MATERIAL SHOWN section start
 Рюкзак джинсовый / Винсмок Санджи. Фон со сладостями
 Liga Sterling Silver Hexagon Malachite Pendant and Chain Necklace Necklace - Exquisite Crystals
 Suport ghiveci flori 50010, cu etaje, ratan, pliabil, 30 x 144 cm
MATERIAL SHOWN section end
MATERIAL SHOWN section start
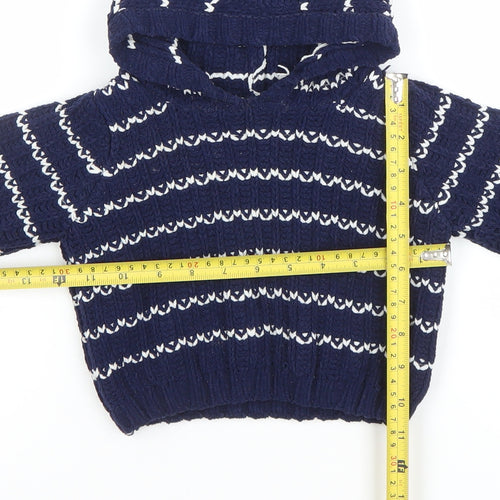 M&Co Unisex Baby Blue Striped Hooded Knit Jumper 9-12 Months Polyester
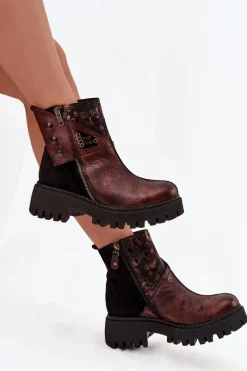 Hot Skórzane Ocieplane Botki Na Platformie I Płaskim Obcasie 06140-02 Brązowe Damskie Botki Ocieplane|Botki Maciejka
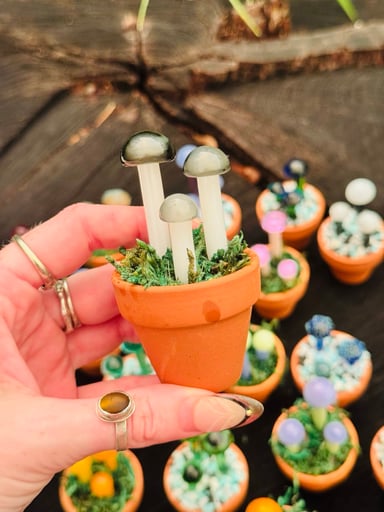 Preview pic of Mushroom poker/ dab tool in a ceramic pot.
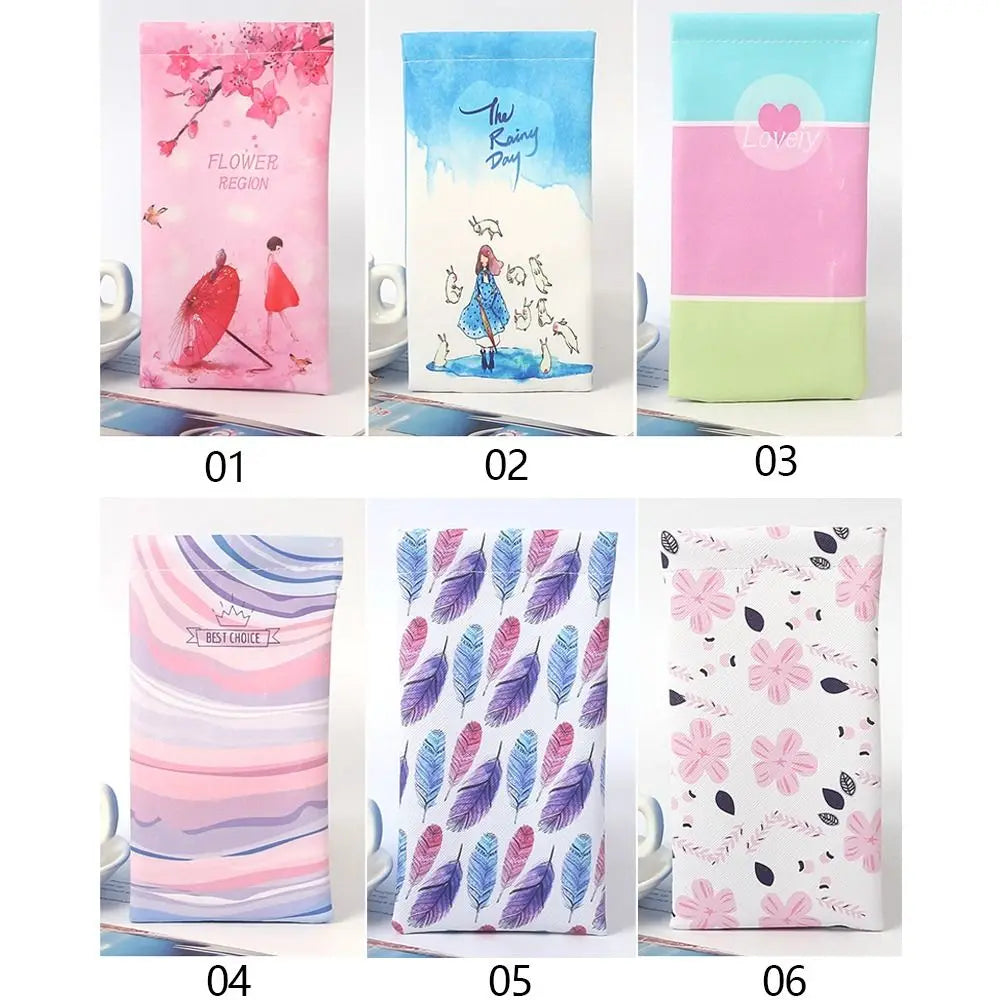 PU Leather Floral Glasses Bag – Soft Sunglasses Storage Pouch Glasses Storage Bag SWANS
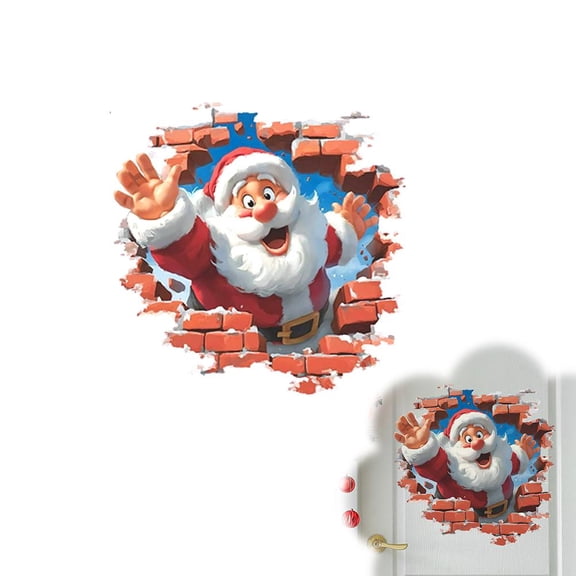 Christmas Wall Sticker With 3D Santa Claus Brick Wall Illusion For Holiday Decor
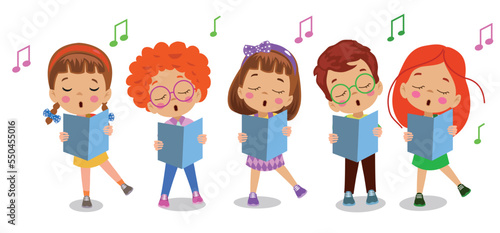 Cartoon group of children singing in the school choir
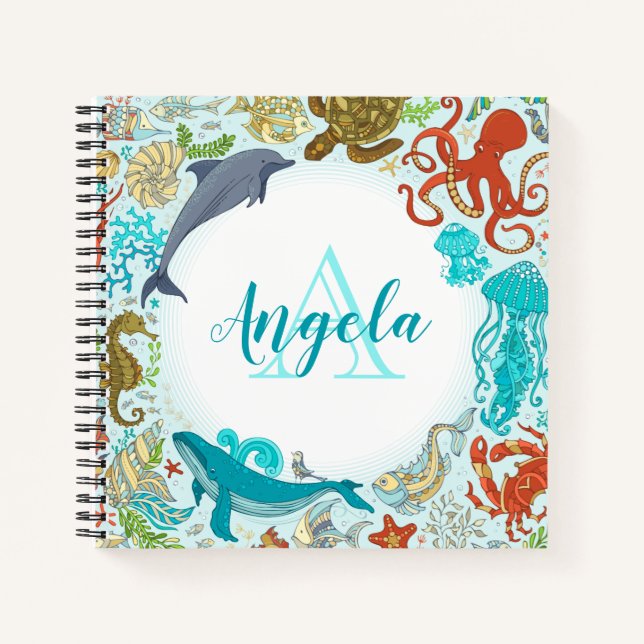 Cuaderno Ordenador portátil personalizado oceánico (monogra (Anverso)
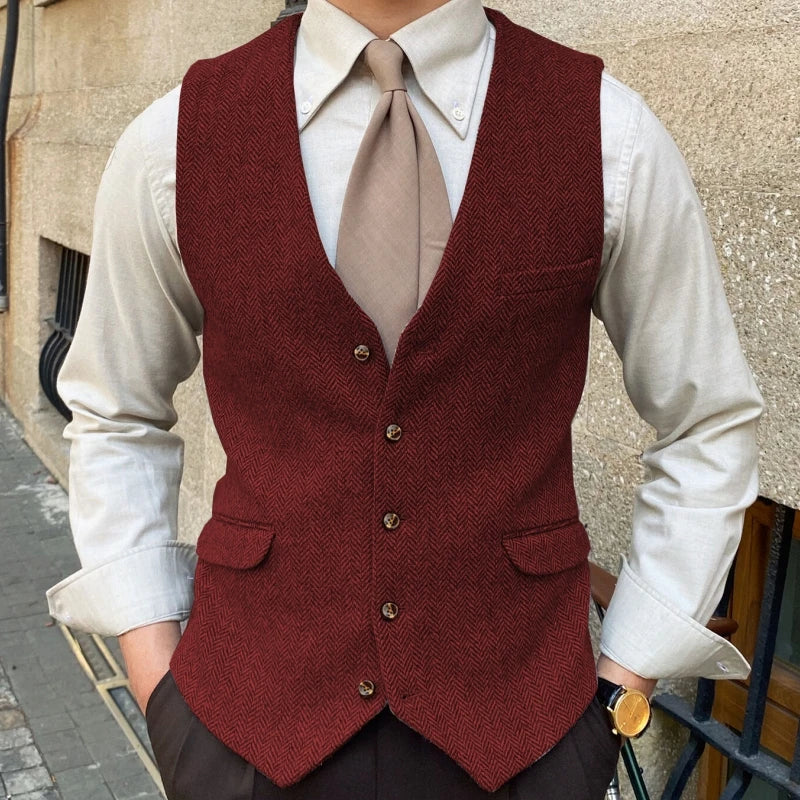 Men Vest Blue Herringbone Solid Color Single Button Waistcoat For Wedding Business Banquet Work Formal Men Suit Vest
MATERIAL SHOWN section end
MATERIAL SHOWN section start
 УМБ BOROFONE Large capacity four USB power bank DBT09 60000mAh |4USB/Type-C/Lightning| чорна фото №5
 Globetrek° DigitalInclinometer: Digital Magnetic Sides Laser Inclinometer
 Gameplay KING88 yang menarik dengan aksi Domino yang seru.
MATERIAL SHOWN section end
**EXERCISE:** Beginning with the line containing "Рюкзак джинсовый /" and ending with the line containing "Suport ghiveci flori", extract those lines exactly from the listing above, and only those.

**SOLUTION:**
 Рюкзак джинсовый / Винсмок Санджи. Фон со сладостями
 Liga Sterling Silver Hexagon Malachite Pendant and Chain Necklace Necklace - Exquisite Crystals
 Suport ghiveci flori 50010, cu etaje, ratan, pliabil, 30 x 144 cm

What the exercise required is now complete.